Twelve residents of the tent camp told the newspaper that the man often threatened to delay their asylum applications by sending them to Centre Sandholm outside of Copenhagen, where their cases would have to start again from scratch. 
 
Residents also filmed two incidents in which the camp’s staff used physical force against a Syrian asylum seeker, binding his legs and shoving his face into the ground. 
 
 
A staff member can be heard yelling at the man in Danish: “I won’t have trouble in my camp – do you understand?”
 
Another clip of the same incident shows the staff members yelling at residents in English to “go away”. 
 
 
Information reported that the man hired to run the asylum camp was found guilty in 2014 of using violence against residents at a children’ home where he previously worked.

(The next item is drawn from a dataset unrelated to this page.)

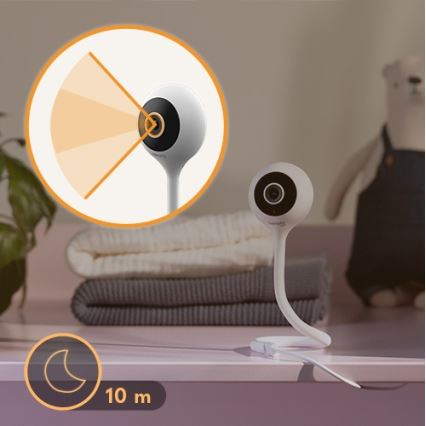 Lionelo - Pametni dječji monitor BABYLINE SMART Wi‑Fi White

He was fired from that job but later hired by Langeland Municipality to run the asylum tent camp, which has space for some 400 asylum seekers. 
 
 
After the newspaper’s report, the man was immediately put on leave but that did little to dampen the controversy. 
 
Several politicians have vowed to hold Integration Minister Inger Støjberg accountable for the conditions in Danish asylum centres and several experts have called on Denmark to establish a new system for monitoring the centres, saying that current checks from the Danish Immigration Service (Udlændingestyrelsen) and the parliamentary ombudsman are not up to the task. 
 
“With so many new centres it’s obvious that things will happen and that you risk hiring people who don’t know what they should do or don’t understand their role. Therefore, the [annual] inspections from the ombudsman are not enough,” Eva Singer, the head of asylum at the Danish Refugee Council, told Information. 
 
Langeland Municipality said it was considering implementing an immediate change to hiring practices following the report. 
 
“When we hire new employees, we get a børneattest [a ‘childhood certificate' that includes information on any previous convictions for sexual assault, child pornography or incest, ed.] but we don’t ask to see their criminal records. That hasn’t been standard procedure but it could very well be that this [incident] gives rise to making it a part of procedure,” spokeswoman Sisi Eibye told news agency Ritzau.